John Schiff, Jacob’s grandson and the chief partner, and his adviser, Sir William Wiseman, knew the firm risked stagnation. A shrewd cloak-and-dagger figure, Wiseman had been the chief British spy master in America during World War I and then became a Kuhn, Loeb partner. He spotted Siegmund as a rising London star and told Schiff that Siegmund could be the spark to recharge Kuhn, Loeb’s battery. In 1951, Schiff wooed Siegmund with a fantastically tempting offer: He could become senior partner of Kuhn, Loeb if he moved to New York and made it his principal activity. But Siegmund had an immigrant’s fondness for England and owed much to the Bank of England, the Rothschilds, other friendly British firms, and the industrious uncles. So he declined, later explaining that “having built up my firm in England, I felt very deeply attached to England and I wouldn’t dream of moving my domicile from London.”7
Instead, Siegmund became a normal Kuhn, Loeb partner, spending half the year in New York and sharing his New York earnings with his London firm. Since the New York Stock Exchange forbade officers of foreign banks from becoming partners in member firms, Siegmund started out in late 1952 as an “executive director” and didn’t officially become a partner until 1956. In reality, he enjoyed a partner’s authority all along. As one associate said, “His views on the New York Stock Exchange, from his experience as a partner in Kuhn, Loeb, produced invective of a style and force which could rival Swift.”8
Siegmund was extremely excited about the prestigious Kuhn, Loeb connection and instructed his London secretaries to address letters to American businessmen as “Mr.” but to Kuhn, Loeb partners as “Esquire.” His relatives were dubious about his prospects. Knowing how he set himself up for disappointments, Eva warned that the Kuhn, Loeb partners were rich and self-satisfied and that he was taking on a losing battle. But Siegmund liked a challenge and was excessively confident of his own powers of persuasion.

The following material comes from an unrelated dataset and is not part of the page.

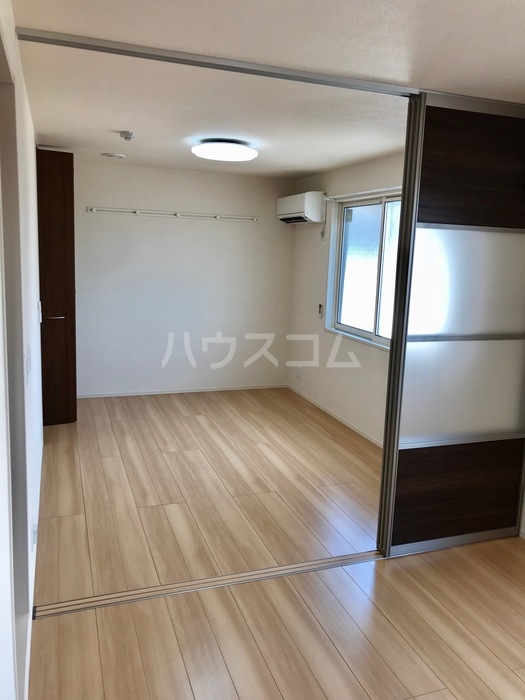 3/24 リビング/ダイニング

John Schiff hoped Siegmund would develop transatlantic business, bring European clients to Kuhn, Loeb, and serve the firm’s clients in Europe. He put Siegmund on the executive committee, a stunning feat that made him the sole European banker with such standing in a top-drawer Wall Street house. Henceforth, S. G. Warburg & Co. and Kuhn, Loeb would represent each other in London and New York.

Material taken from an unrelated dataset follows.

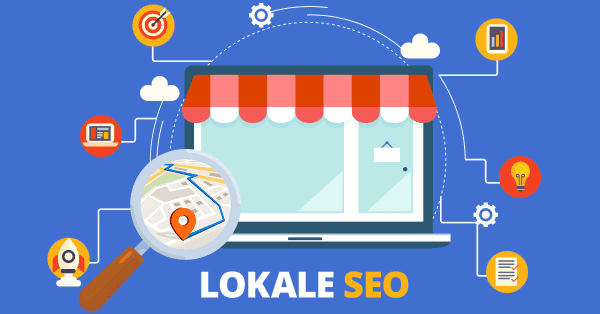 Lokale SEO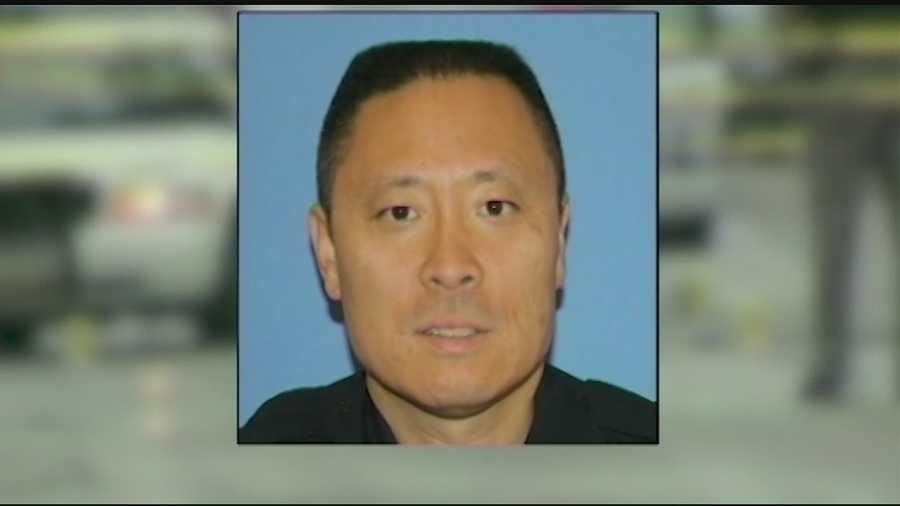 Deters: Shooting of officer Sonny Kim was not a suicide-by-cop situation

During his stormy Kuhn, Loeb tenure, Siegmund faced the same predicament that had stymied him in Hamburg and London. He was again the capable outsider, the brilliant upstart, baffled and derided by threatened insiders. This maddened him, making him more determined to succeed. For Siegmund, Kuhn, Loeb was the sort of haphazard outfit that brought out his moralistic contempt for waste.

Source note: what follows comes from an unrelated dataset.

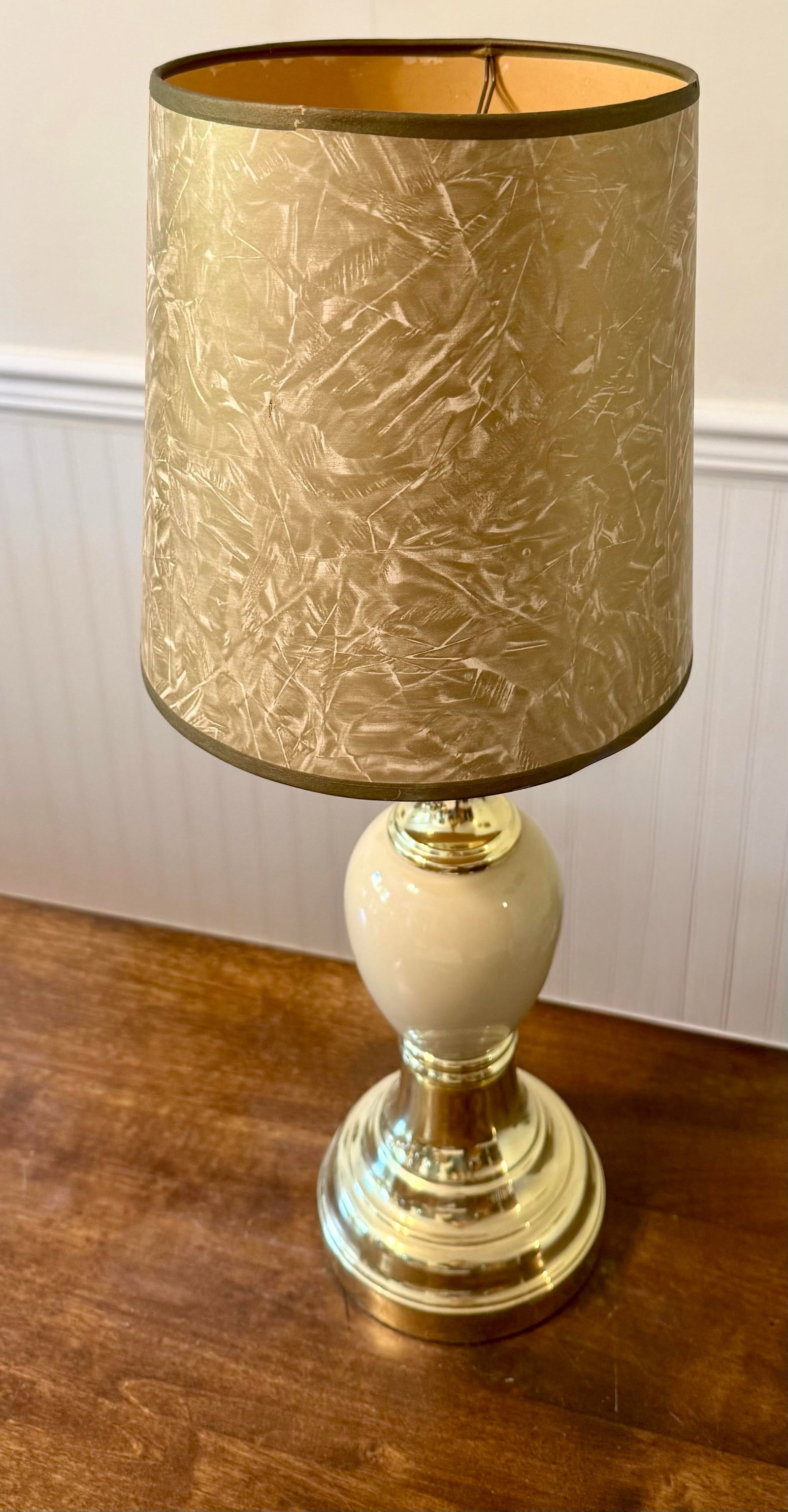 Stiffel Table Lamp - 2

With his penetrating vision, Siegmund at once spotted the firm’s flaws. In 1954, he prepared a memo charting Kuhn, Loeb’s real, if still imperceptible decline. In London, Siegmund had created a free-flowing collegial atmosphere. Anticipating Japanese methods, he would form teams for each client and have green recruits working beside senior directors. In contrast, Siegmund noted that the ossified Kuhn, Loeb had gone from Jacob Schiffs dictatorship to separate baronies. Too lazy to chase new business, the firm coasted on its past. “On the one hand,” he told John Schiff, “there is too much free play for dilettantism without sufficient appreciation of the importance of professional work.”9 Siegmund was shocked at how Kuhn, Loeb moved by inertia. “The firm has apparently no long-range plan, other than to hang on to existing clients and to try—by no particular or definite method—to get new ones. Its organization, at best, is rudimentary and unintegrated.…”10 For Siegmund, if the people, corporate structure, and culture were right, the rest would fall into place.
Siegmund’s critique was prescient. Unfortunately, his efforts to galvanize Kuhn, Loeb became ensnared in the issue of his own personal ambitions. It was widely feared that Siegmund wanted to dominate or take over Kuhn, Loeb and run it from London. No sooner did he join the executive committee in 1953 than he lobbied to be its chairman.11 In the 1954 memo, Siegmund urged Schiff to appoint him managing director, spawning mistrust.12 A few weeks later, Siegmund told Schiff defensively, “your remark yesterday about the question of powers gave me the impression that you thought I wanted to have dictatorial powers.”13 Siegmund had a clear-sighted view of Kuhn, Loeb’s problems but his thrusting style, superior intelligence, and sometimes overbearing manner unsettled the leery Americans.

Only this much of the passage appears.